IRS Warns MetLife on AIG Purchase: Not So Fast
All MetLife wanted to do was to buy American International Group's Alico unit. But completing the $15 billion deal was never going to be easy, and it has recently become much more difficult.
According to the New York Times, the latest stumbling block has to do with taxes. While Alico is incorporated in the U.S., the bulk of its business is conducted in Asia. As far back as 2004, U.S. insurers were supposed to withhold taxes on insurance payouts to foreign customers at a 30 percent rate; Alico thought a 20 percent withholding rate was sufficient because it did most of its business outside the U.S. Now the IRS wants Alico to pay the difference, which could be in the hundreds of millions.
Here's the Catch-22: The Treasury stands to realize at least $9 billion from the sale, which would be lost if the deal fell through because the IRS wants its money. If a deal isn't struck with the IRS then MetLife would be liable for the money owed the IRS and will deduct it from the $15 billion it would pay AIG, the Times says.
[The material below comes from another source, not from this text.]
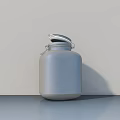 Ceramic Jar With Silver Metal Lid On Gray Countertop Against White Background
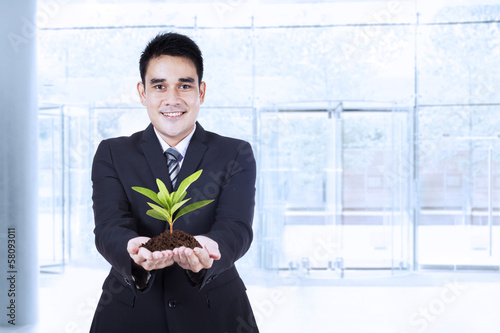Photo: Smiling businessman holding a plant Smiling businessman holding a plant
Can it get more complicated? Yes. Rating agency Standard & Poor's is threatening to downgrade the MetLife, nation's largest life insurer, if it pays $15 billion in cash to AIG. So MetLife worked out a deal to pay $7 billion in cash and $8 billion in MetLife stock. This means that taxpayers could now own not only 80 percent of AIG, but a piece of MetLife as well. And there's still Neil Barofsky, the Special Inspector of the TARP program, who will be watching over the Treasury Secretary Tim Geithner's shoulder on any deal he approves. If, in fact, one gets done.